O norte. Juram-nos que o vinhedo é um espetáculo à parte. Que não nos deixará os olhos humedecidos como a imponência do adormecido Timanfaya, mas que a peculiaridade dos berços ovalizados amparados da ventania por pedras gastas confere à vinha um estatuto cosmético próximo do bonsai. Posso confirmar: filigrana licorosa, meus amigos.

Não é necessária uma orquestra de cores para nos deixarmos enredar. Lanzarote consegue ser monocórdica, mas não há, nessa leveza de caráter, qualquer assomo de vulgaridade ou enfado. As águas são cálidas, mesmo no oceano revolto, a areia brilha, mesmo quando escura. Saltitamos de estádio mental para estádio mental. A paz seria absoluta se não fossem as hordas de camionetas e de turistas italianos com a mesma projeção vocal de um vulcão zangado. Lemos o que havia para ler dele.

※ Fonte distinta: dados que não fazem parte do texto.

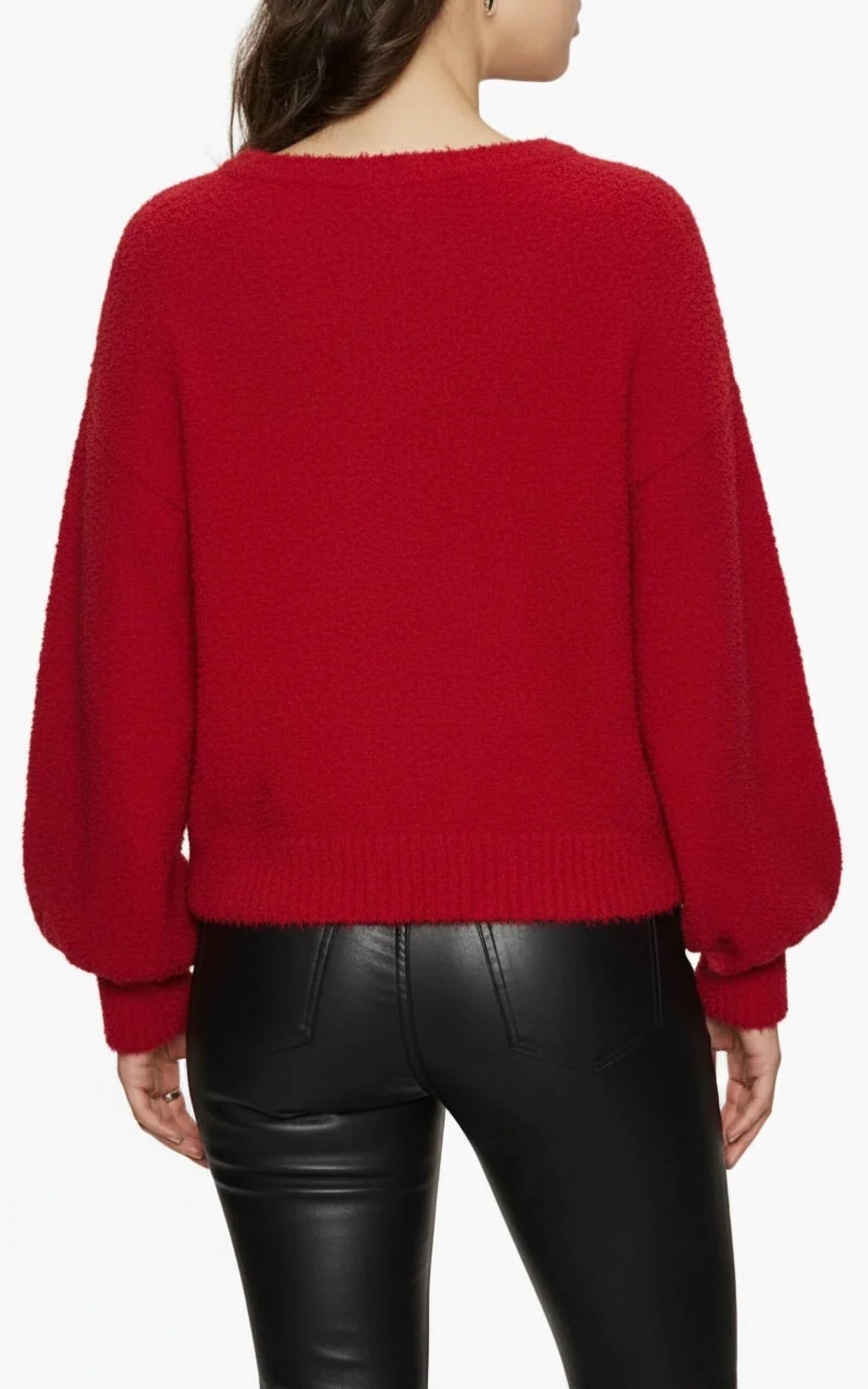 Sanctuary - Teddy V Neck Sweater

Saramago entregou-se àquela ilha por alguma razão. Não quero acreditar que tenha sido apenas por uma, não saberia escolher apenas uma. Lanzarote são pedras e catos, mas é, sobretudo, uma via-sacra que vai dar a um lugar melhor dentro de nós. Fica uma cicatriz enorme no corpo encolhido. Deem-nos luxúria, sinfonias, o Olimpo, até. Mas poucas imagens serão tão plenas na função de nos humanizar como a aspereza deste ancoradouro vulcânico. Catos e pedras. Pedras e catos. Flores.